Scientists watched as a black hole woke up from a decades-long slumber for a midnight snack - perhaps a brown dwarf or a giant planet.

The event, which took place 47 million light-years away, was discovered by the European Space Agency's (ESA) Integral space observatory and was quickly followed by XMM-Newton, NASA's Swift and Japan's MAXI X-ray monitor on the International Space Station.

The discovery was made when astronomers were using Integral to study a different galaxy when they noticed a bright X-ray flare coming form another location, according to a report on the ESA's website. Scientists were then able to use XMM-Newton to identify the origin of the light as the galaxy NGC 4845, representing the first time this particular galaxy has ever been detected at high energies.

Overall, the galaxy brightened by a degree of a thousand, consequently taking a year to subside.

"The observation was completely unexpected, from a galaxy that has been quiet for at least 20 - 30 years," Marek Nikolajuk of the University of Bialystock, Poland said regarding the findings. Nikolajuk was the lead author of the paper published in Astronomy and Astrophysics that reported on the discovery.

An analysis of the flare revealed that the emission came from a halo of material around the black hole that occurred as it "tore apart and fed on an object of 14 - 30 Jupiter masses," states the ESA report. 

However, lower ends of the estimate place it just a few times larger than the gas giant.

As it turns out, the event so closely watched and analyzed by scientists around the globe may in fact serve as a preview for what is to occur much closer to home: the black hole at the center of the Milky Way is currently on schedule to consume a passing gas cloud later this year, according to Popular Science.

Astronomers hope to snag a front-row view of the occasion through the Atacama Large Milimeter/submilimeter Array (ALMA) - a telescope with 66 radio antennae that enables it to detect even faint and distant material.

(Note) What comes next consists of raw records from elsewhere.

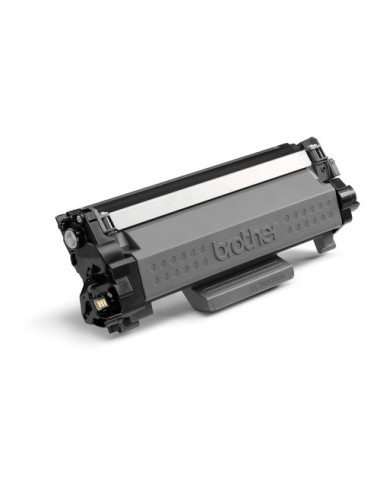 Brother TN-2510XXL...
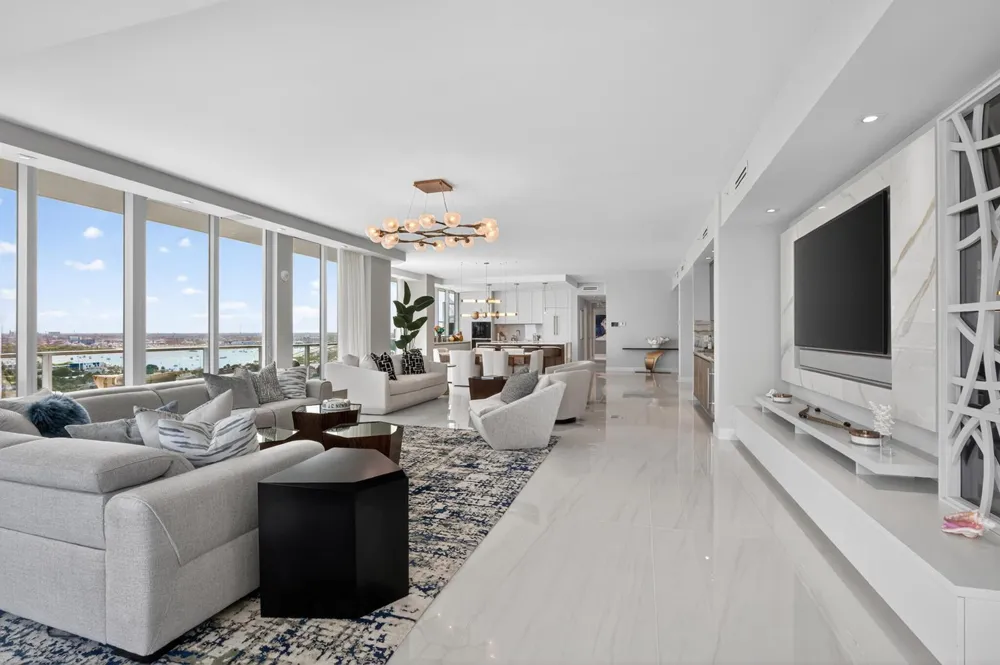 3100 Ocean Drive #Hph3 Riviera Beach, FL 33404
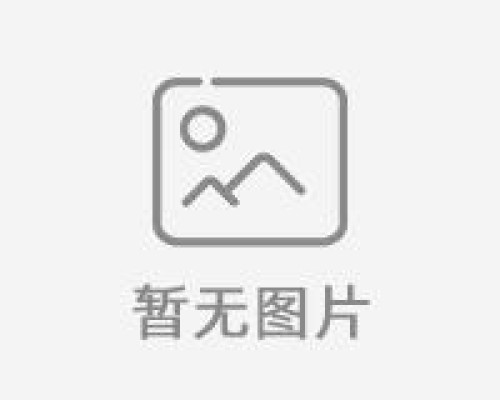 陆丰抖音图文代运营服务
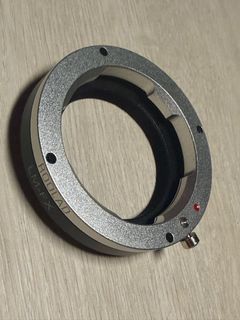 （分類：）位於 。 由 CS0614 提交（商品編號 1432582955，圖片 1）。簡介： 。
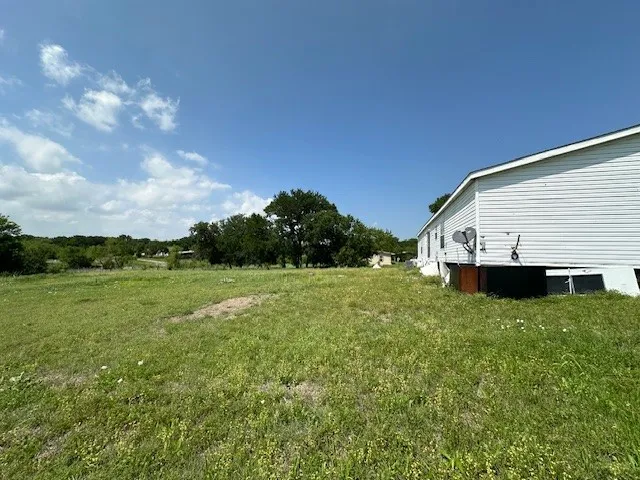 Manufactured Home For Sale in Collin County , 1150 County Road 490, Princeton, Texas 75407, 4 Bedroom, 2 Bathroom, Garage spaces, 1,792 Sqft, built in 2002, mls#21240983, Real Estate Agent in Princeton, Homes For Sale in Collin county, Homes For Sale in Princeton, Realtor in Princeton Texas, Real Estate Brokerage Independent Realty Texas, Luminita Cordes Realtor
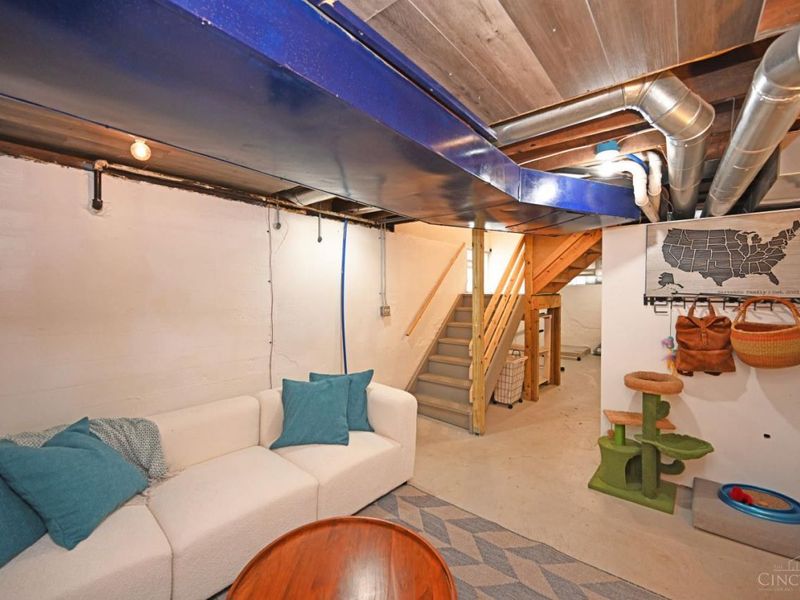 6876 Esther Lane, Madeira, OH 45243 Photo 35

"People have been working the optical, and they can trace the motion," astronomer Paul Ho from the Harvard-Smithsonian Center told Popular Science reporter Rebecca Boyle. "You can actually see stars moving around the center of the black hole system in the Milky Way, and in their measurement of the stars, they notice a blob of gas which is moving ... We are very excited about that; we can see it."